Yeah, this is almost the sentiment behind the snarky comment I made that got voted down.

The difference is I am not so pessimistic about those UI-based ETL systems because I did a deep dive on the architecture of those and even worked for a startup that built one. I've seen how the industry's fixation on raw performance has kept ETL systems using a relational model that is hell to program for complex jobs -- I pitched a next generation system to a very acquisitive leader in this space and got shot down because my system wasn't friendly to storage locality and SIMD instructions. (That startup had the right idea of passing 'JSON' documents between the lines and the boxes but never settled exactly what the algebra was for those things, how to close event pipelines in the end properly so you always get the right results, ...)

Those "integration builders" though strike me a way of replacing a 10 line Python script with incredible tedium and "you can't get from here to there" experiences. That leads me to say things like "When I hear the word 'integration' I reach for my gun."

Check out Make, n8n, workflow86

Agree that coded integrations are still very relevant, but the addressable surface for UI is pretty large now.

Is there any open source, embeddable alternatives or frameworks? I've got an ETL DSL that is fully serializable and I've been looking to create a UI tool for it.
I don't know of a solution for ETL DSL -> UI but https://github.com/lowdefy/lowdefy goes from a DSL to internal web apps. Perhaps some inspiration could be taken from there. Good luck!
Thats pretty fascinating stuff, thanks for the recommendation.
Maybe Airbyte if I understand what you're asking correctly.
Ah right. Yeah, reverse-engineering Airbyte's DSL and just "borrowing" their UI generation may be the move.
> UI based flows for integrations are as bad

Right but in the same breath we should mention all code is terrible.

Depends where those UIs are on. If you have some sort of agreement set in place where they won't update the interface, then this is very much possible.

If it is relying on an 3rd party platform that you can't control and not know when UI changes are coming, then it can be bad for criticality.

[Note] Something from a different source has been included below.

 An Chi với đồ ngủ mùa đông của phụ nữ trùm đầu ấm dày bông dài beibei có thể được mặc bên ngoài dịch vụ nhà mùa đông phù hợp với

However, I fail to know how urgent criticality is in ETL space, especially when UI changes can be as simple as "theres a new button" or "margin on form changed". The key process features and UI related to it would rarely change.

How about catering to non-programmers?
There is a space for that for sure, but when things get serious, the programming bit is 10% of the capability, domain knowledge, data expertise and SQL become more relevant. Those skills are not fulfilled with UI tools. Sometimes in fact UI tools make the skill gap bigger because new hires might know SQL, but for sure don't know your expensive proprietary tool of choice.
Zapier could easily add a DSL that mirrors their UI. It's not the UI that makes it powerful, it's the integrations and workflow.

My approach to integration for ETL was a DSL.

UI is bad for ETL...huh? I hope you're not talking about Stitch/Fivetran, because they're a godsend in my experience.